— Your task —
Reproduce each entry below exactly, without omitting any.

# # # # #

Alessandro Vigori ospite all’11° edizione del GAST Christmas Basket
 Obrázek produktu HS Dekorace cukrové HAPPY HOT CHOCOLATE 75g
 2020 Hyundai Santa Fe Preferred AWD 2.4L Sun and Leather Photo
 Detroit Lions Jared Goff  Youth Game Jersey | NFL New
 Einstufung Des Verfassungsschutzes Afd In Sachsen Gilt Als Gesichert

# # # # #

— Answer space —
Alessandro Vigori ospite all’11° edizione del GAST Christmas Basket
 Obrázek produktu HS Dekorace cukrové HAPPY HOT CHOCOLATE 75g
 2020 Hyundai Santa Fe Preferred AWD 2.4L Sun and Leather Photo
 Detroit Lions Jared Goff  Youth Game Jersey | NFL New
 Einstufung Des Verfassungsschutzes Afd In Sachsen Gilt Als Gesichert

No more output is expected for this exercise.